Our credit agreement also contains customary affirmative covenants, including covenants regarding the payment of taxes and other obligations, maintenance of insurance, reporting requirements and compliance with applicable laws and regulations. Further, the credit agreement contains a financial covenant requiring the Company to maintain a minimum level of excess availability at any time. The facility contains events of default, including, among others, non-payment defaults, inaccuracy of representations and warranties, covenant defaults, cross-defaults to other indebtedness, judgment defaults, collateral defaults, bankruptcy and insolvency defaults and a change of control default.
 If we experience a decline in cash flow due to any of the factors described in this “Risk Factors” section or otherwise, we could have difficulty paying interest and principal amounts due on our indebtedness and meeting the financial covenants set forth in our loan facility. If we are unable to generate sufficient cash flow or otherwise obtain the funds necessary to make required payments under the credit facility, or if we fail to comply with the requirements of our indebtedness, we could default under our credit facility. Any default that is not cured or waived could result in the acceleration of the obligations under the credit facility, an increase in the applicable interest rate under the credit facility, and would permit our lender to exercise rights and remedies with respect to all of the collateral that is securing the credit facility, which includes substantially all of our assets. Any such default could materially adversely affect our liquidity and financial condition.

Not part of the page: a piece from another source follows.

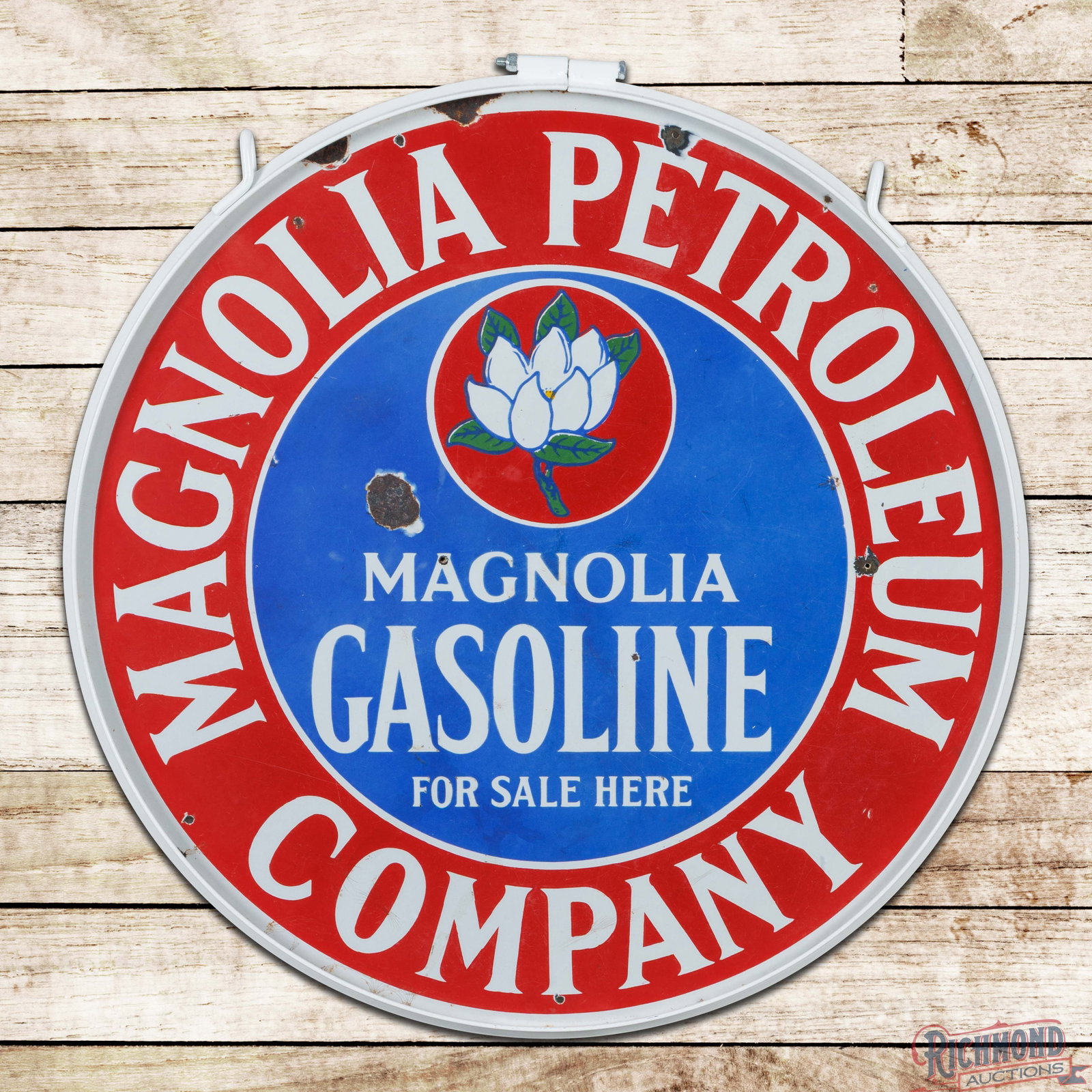 Magnolia Petroum Company Gasoline "For Sale Here" 30" Double Sided Porcelain Sign w/ Ring: DSP (double sided porcelain) sign has good color and moderate gloss. Side #1 has chips with surface wear, tiny non-factory holes and areas of lower gloss. The outer fields and perimeter have minor cra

Even if we comply with all of the applicable covenants, the restrictions on the conduct of our business could materially adversely affect our business by, among other things, limiting our ability to take advantage of financings, mergers, acquisitions and other corporate opportunities that may be beneficial to the business. Even if the credit facility were terminated, additional debt we could incur in the future may subject us to similar or additional covenants, which could place restrictions on the operation of our business.
If we fail to maintain proper and effective internal controls, our ability to produce accurate financial statements could be impaired, which could adversely affect our operating results, our ability to operate our business and our stock price.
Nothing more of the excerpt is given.